SEQ_NO is the number you get if you assign numbers sequentially, traversing
the tree
in logical order. It's the key to the hierarchy, and has the added feature
that order
in SEQ no is meangingful. Note that all children of a node has a higher
SEQ_NO than the node.
END_SEQ_NO is the highest SEQ_NO among this node and all its children. For
a leaf,
SEQ_NO and END_SEQ_NO are the same.
LEVEL_NO says how far below the root the node is. The root itself is level
1, its children
all all level two.
OCCUPANT_ID is a foreign key. It's a reference, from within a slot of the
hierarchy, to the
current occupant of that slot.
now, if w look up say, node 101, and its end seq_no is 149, we can get
the sum of the
value of all the occupants in the subtree by just:
select sum (OCCUPANT.VALUE)
from OCCUPANT, HIERARCHY
where OCCUPANT.OCCUPANT_ID = HIERARCHY.OCCUPANT_ID
and HIERARCHY.SEQ_NO between 101 and 149
Other standard queries are similarly easy. It isn't hard to
define views of the aggregate values of subtrees, or of the
path from the root to any given node, etc.
Regards,
David Cressey mailto:da...@dcressey.com
Christophe Courtois wrote in message <37DD2646...@cybercable.tm.fr>...
>I need to design a hierarchy (country, site , zone, building, level,
>area, equipment, component... for example) in a database (Access or
>Oracle).
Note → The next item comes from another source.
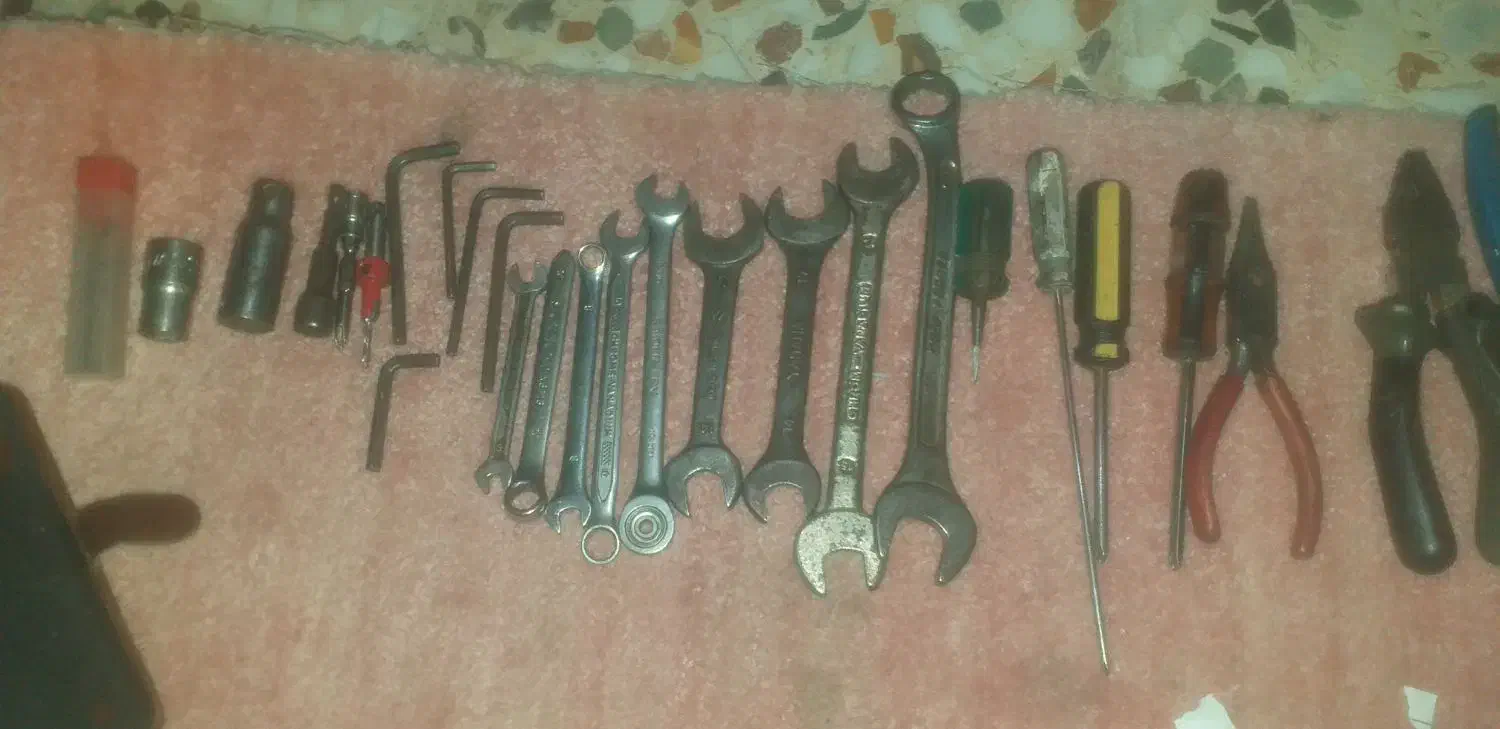 تعدادی آچار کارکرده|ابزارآلات|دزفول, |دیوار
As the number of levels is not defined, we'll put everything in
>a single table.
>
Christophe Courtois
> the hierarchy table has four columns:
> SEQ_NO, END_SEQ_NO, LEVEL_NO, and OCCUPANT_ID.
> select sum (OCCUPANT.VALUE)
> from OCCUPANT, HIERARCHY
> where OCCUPANT.OCCUPANT_ID = HIERARCHY.OCCUPANT_ID
> and HIERARCHY.SEQ_NO between 101 and 149
Yes, it is easy... when the numbers are already there !
With this system, every change to the top of the tree could involve to
re-calculate all the SEQ_NO. That's the same for moving a single object.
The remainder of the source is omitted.